Le deuxième élément de notre politique de discernement est un axe qui concerne cette fois l'ensemble des industriels : les TPE, PME, ETI et les multinationales. On n'exclut personne de cette démarche. Cette politique de discernement consiste à identifier les industriels qui fabriquent des produits peu transformés avec une forte composante de matières premières agricoles françaises. Ceci permet donc de mener des discussions autour de la juste répartition de la valeur et de la prise en compte du prix payé aux producteurs. Nous cherchons également au travers de ces politiques de discernement à mieux prendre en compte les fluctuations des produits agricoles.
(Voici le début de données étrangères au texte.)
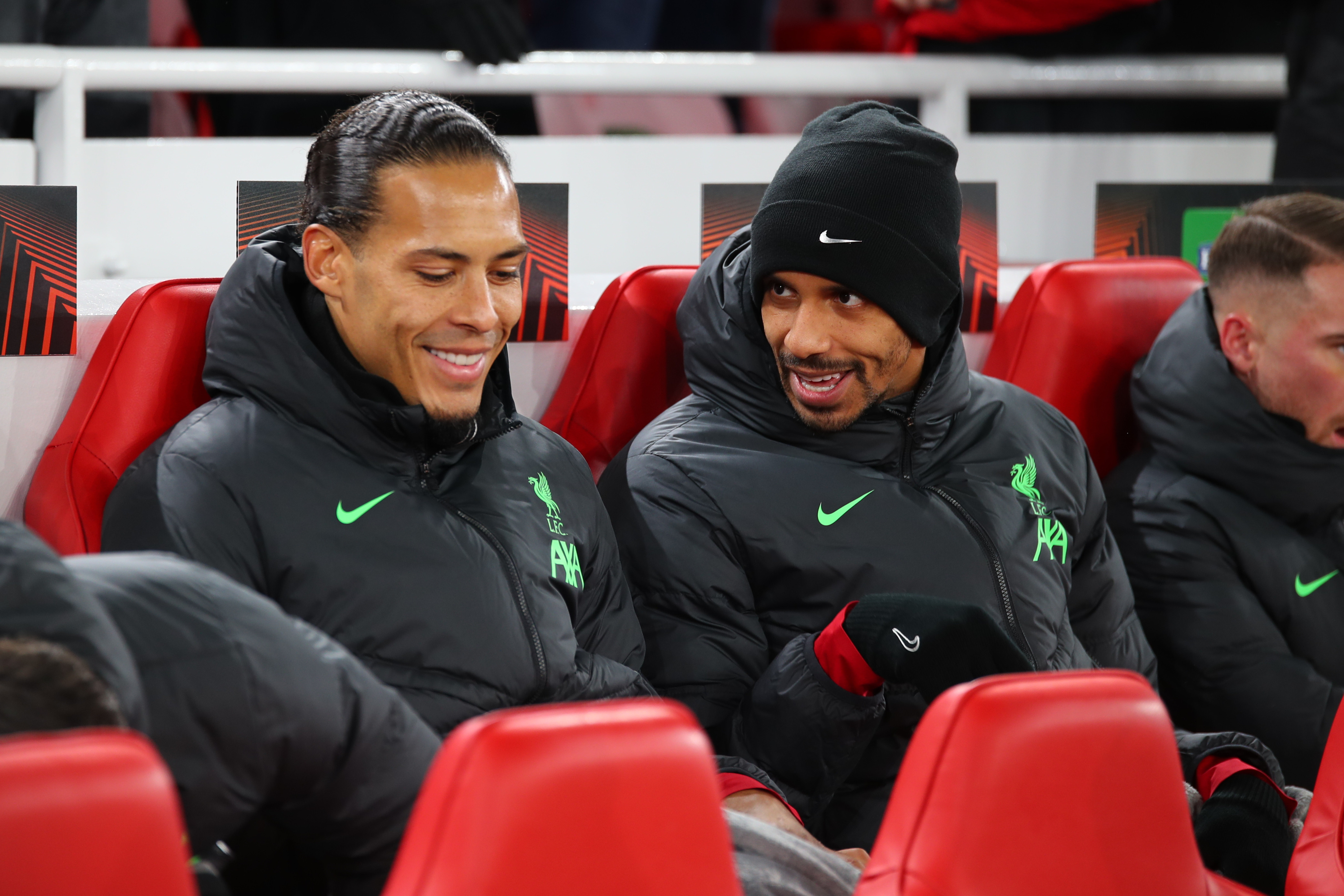 Virgil van Dijk of Liverpool and Joel Matip of Liverpool during the Group E - UEFA Europa League 2023/24 match between Liverpool FC and LASK at Anfield on November 30, 2023 in Liverpool, England.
Nous avons réussi – je crois que vous ne l'ignorez pas – à mener ces politiques sur les produits dérivés.
Et plus récemment, nous avons accompagné en urgence tous les industriels de la filière porc. Tout le monde a vraiment joué le jeu en transparence, nous avons bouclé nos discussions sur la revalorisation en un temps record.
Nous pensons que pour aller plus loin dans ces politiques, nous nous heurtons de la part de certains industriels à un réel manque de clarté, beaucoup d'opacité, et parfois une réelle volonté de faire obstruction à cette démarche. Dès lors, il nous est impossible d'avoir des réponses claires sur la provenance et la proportion de matières premières agricoles françaises dans la fabrication des produits de nos partenaires industriels.
Nous avons également un deuxième axe de difficulté sur ce sujet. Nous avons du mal à avoir une réelle transparence quant aux engagements d'augmentation de rémunération du monde agricole, qui sont pourtant l'argument premier de certaines hausses tarifaires.
Je terminerai mon propos introductif en soulignant que nous avons été l'un des principaux contributeurs à la croissance de nos partenaires industriels en 2018. De notre point de vue, c'est bien cela créer de la valeur. Faire croître le chiffre d'affaires, c'est aussi innover, développer et oser de nouveaux concepts. C'est être à l'écoute du client, lui apporter de nouveaux bénéfices qui répondront à ses nouvelles attentes. Pour nous, la création de valeur ne peut donc se limiter à la simple augmentation des prix.